On A High Note

Legendary Friend and Longtime Songwriter, Frank Dycus, leaves a legacy

Frank Dycus

Frank Dycus

Frank Dycus

You may think I have that title wrong … I don’t. Though Frank Dycus was indeed a legendary songwriter, he was also a legendary friend. I had the honor of knowing “Dycus” for the past 14 years or so, and he was truly one of the most unique, real and extraordinary persons I’d ever known. Its not like Dycus was known as a genteel sweetheart, but he was undoubtedly known for being first rate at keeping it real. You never had to wonder where you stood with him; if he liked you, he’d tell you – and if he didn’t – he’d tell you that too. That might sound harsh, but it wasn’t. Frank Dycus was the kind of person who gave so much love to those he truly loved, that he just didn’t have time to pretend with those he didn’t.

Dycus, Hit Songwriter and Legendary Friend
Aside from the fact that Dycus co-wrote many a recognizable song throughout his history as a songwriter (from “Unwound” and “Marina Del Ray” for George Strait to “Gonna Get a Life” for Mark Chesnutt, and “I Don’t Need Your Rockin’ Chair” for George Jones to name a few), the things I remember and will continue to cherish about him most are more related to the lessons he taught me about living life and being a true friend; about hanging in and hanging on even when the chips are down.

When I first met Dycus, we’d sit and talk, and he’d tell stories of the history of Nashville’s music, the camaraderie that existed among the music community, and how well respected all the songwriters and behind-the-scenes folks were. We also talked about what he thought REAL songwriters were obligated to do. He’d say things like: ‘Jessco, if you want to write a hit song, you’ve gotta write about something real – something everyone can relate to – about things that are important to everybody in some form or fashion. Because some sh*% just don’t matter, and you need to write about stuff that matters.’

Some days Dycus would get into a listening mood, and he’d go through his hundreds of CDs and play demos of songs that no one had ever heard – and all the while I remember thinking: “if God likes music, Dycus is his favorite songwriter.”

Frank Dycus – Mentor
Dycus helped a lot of folks out and up in his lifetime, and didn’t expect anything in return. He helped many a songwriter become a greater songwriter, and helped a few get signed – first as songwriters, then as artists – and whose names you would recognize today.

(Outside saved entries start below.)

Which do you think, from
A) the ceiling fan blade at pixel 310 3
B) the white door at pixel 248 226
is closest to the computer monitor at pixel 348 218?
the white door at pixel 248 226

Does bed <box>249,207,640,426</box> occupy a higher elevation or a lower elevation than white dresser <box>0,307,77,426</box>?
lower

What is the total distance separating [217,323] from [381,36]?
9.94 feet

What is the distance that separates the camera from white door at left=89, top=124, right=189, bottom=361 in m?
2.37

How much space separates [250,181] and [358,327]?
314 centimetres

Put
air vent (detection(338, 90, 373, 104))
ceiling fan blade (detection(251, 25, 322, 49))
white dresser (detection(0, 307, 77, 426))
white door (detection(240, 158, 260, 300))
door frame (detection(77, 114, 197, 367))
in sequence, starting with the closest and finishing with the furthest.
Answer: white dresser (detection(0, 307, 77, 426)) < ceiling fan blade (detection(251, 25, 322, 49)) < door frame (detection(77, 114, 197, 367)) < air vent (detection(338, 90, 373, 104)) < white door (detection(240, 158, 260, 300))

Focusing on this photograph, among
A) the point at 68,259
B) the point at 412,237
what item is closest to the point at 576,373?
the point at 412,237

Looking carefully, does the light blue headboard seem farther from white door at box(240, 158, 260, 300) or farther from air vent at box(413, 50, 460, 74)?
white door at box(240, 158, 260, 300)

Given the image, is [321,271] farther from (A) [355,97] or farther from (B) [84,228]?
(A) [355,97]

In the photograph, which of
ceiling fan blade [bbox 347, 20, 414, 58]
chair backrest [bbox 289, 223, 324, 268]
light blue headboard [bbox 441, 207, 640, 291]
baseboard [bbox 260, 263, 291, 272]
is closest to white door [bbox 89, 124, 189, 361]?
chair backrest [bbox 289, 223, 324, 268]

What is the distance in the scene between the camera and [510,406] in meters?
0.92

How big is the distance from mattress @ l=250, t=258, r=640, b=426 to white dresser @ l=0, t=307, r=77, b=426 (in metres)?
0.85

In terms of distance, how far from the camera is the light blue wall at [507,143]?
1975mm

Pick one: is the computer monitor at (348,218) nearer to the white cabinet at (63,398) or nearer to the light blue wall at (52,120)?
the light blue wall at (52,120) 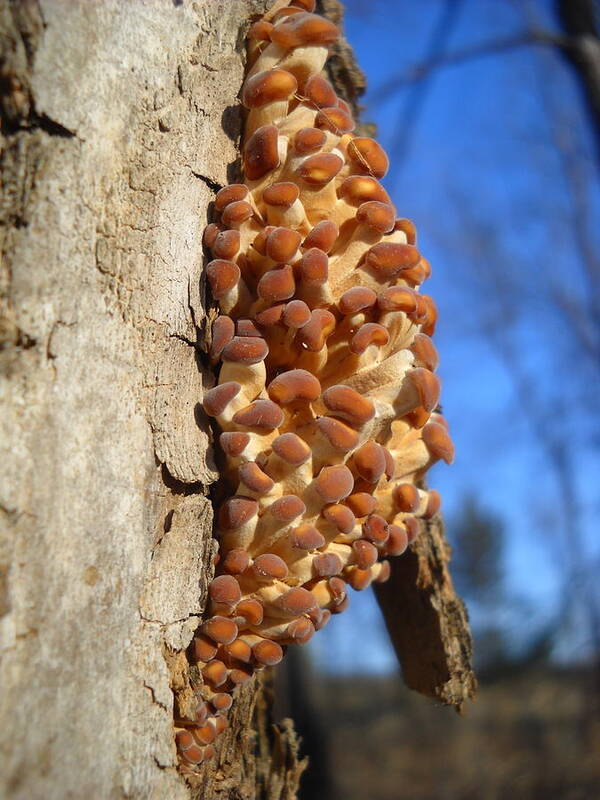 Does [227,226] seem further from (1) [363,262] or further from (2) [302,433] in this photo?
(2) [302,433]

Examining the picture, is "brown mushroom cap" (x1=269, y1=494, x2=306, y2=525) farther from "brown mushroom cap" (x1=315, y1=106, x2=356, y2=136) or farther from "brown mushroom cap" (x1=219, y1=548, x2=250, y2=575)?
"brown mushroom cap" (x1=315, y1=106, x2=356, y2=136)

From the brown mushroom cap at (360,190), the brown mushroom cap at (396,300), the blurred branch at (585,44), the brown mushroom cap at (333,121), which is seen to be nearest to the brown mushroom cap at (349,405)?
the brown mushroom cap at (396,300)

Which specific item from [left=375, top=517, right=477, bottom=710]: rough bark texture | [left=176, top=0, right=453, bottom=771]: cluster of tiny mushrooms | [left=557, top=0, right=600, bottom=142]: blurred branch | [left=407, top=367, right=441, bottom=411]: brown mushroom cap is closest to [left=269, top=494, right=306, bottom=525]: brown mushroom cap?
[left=176, top=0, right=453, bottom=771]: cluster of tiny mushrooms

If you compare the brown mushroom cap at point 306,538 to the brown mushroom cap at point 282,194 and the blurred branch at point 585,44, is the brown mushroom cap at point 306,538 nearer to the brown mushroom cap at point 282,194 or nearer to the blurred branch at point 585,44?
the brown mushroom cap at point 282,194

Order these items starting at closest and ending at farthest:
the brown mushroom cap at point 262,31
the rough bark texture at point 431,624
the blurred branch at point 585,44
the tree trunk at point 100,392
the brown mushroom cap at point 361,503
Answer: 1. the tree trunk at point 100,392
2. the brown mushroom cap at point 361,503
3. the brown mushroom cap at point 262,31
4. the rough bark texture at point 431,624
5. the blurred branch at point 585,44

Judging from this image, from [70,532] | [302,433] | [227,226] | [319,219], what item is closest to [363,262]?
[319,219]

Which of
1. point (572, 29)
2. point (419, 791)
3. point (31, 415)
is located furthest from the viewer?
point (419, 791)

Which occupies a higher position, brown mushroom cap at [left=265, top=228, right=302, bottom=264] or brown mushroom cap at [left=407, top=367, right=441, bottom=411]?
brown mushroom cap at [left=265, top=228, right=302, bottom=264]
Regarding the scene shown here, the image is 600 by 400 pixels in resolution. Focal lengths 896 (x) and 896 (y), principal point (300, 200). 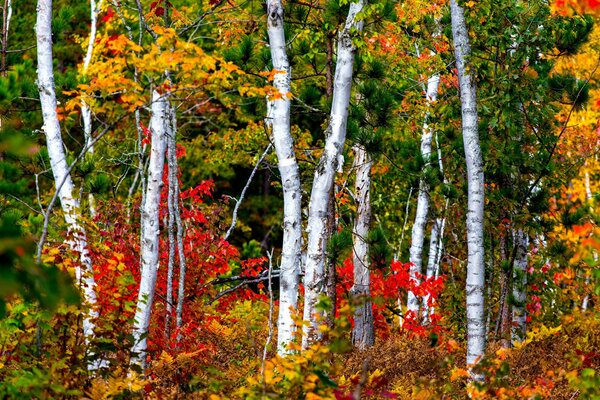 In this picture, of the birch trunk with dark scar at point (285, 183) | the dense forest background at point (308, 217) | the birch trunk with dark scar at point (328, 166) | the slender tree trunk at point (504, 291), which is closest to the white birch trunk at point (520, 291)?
the dense forest background at point (308, 217)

From Dean Dillon to Matraca Berg, Leslie Satcher, Shawn Camp, Billy Yates, Jim Lauderdale, Scotty Emerick, Luke Maness and many, many others – including myself – Frank was a friend, co-writer and mentor. You couldn’t sit down in the same room with Dycus and not gain something positive. And though Dycus was famous for writing songs about whiskey, drinking and ramblin, he was also great at writing heartfelt songs…some of which have not yet made it to the ears of the general public. One of the best songs you may never hear (and one of his personal favorites) – written by Dycus and two co-writing friends, was: “You are the Last Love of My Life” – written for his current bride, Miss Mary. (yeah, old Dycus was married for the past few years)

Dycus leaves a legacy
Legendary? Yes. Frank Dycus leaves his songs, his memories and the sum of all he was here in the hearts of all who loved him. Some thought he was a mad man – but if you knew him well, you’d see he could be a glad man, a sad man, a quiet man or a genuinely funny or deeply inspired man. But toward the end, he was always a grateful man.

This week, a few in our community are celebrating the life of my dearly departed Friend, Frank Dycus.

Dean Dillon

Dean Dillon

Dean Dillon (pictured) is hosting several other writers at Douglas Corner Café, Tuesday evening (December 11) from 5ish to 8pm. If you’d like to drop by and say hello, I know Dycus would appreciate it … even though he might call you an old son-of-a-b for not getting in touch sooner. But come on out and help us honor the memory of Frank Dycus. Heaven knows, it is an honor he deserves.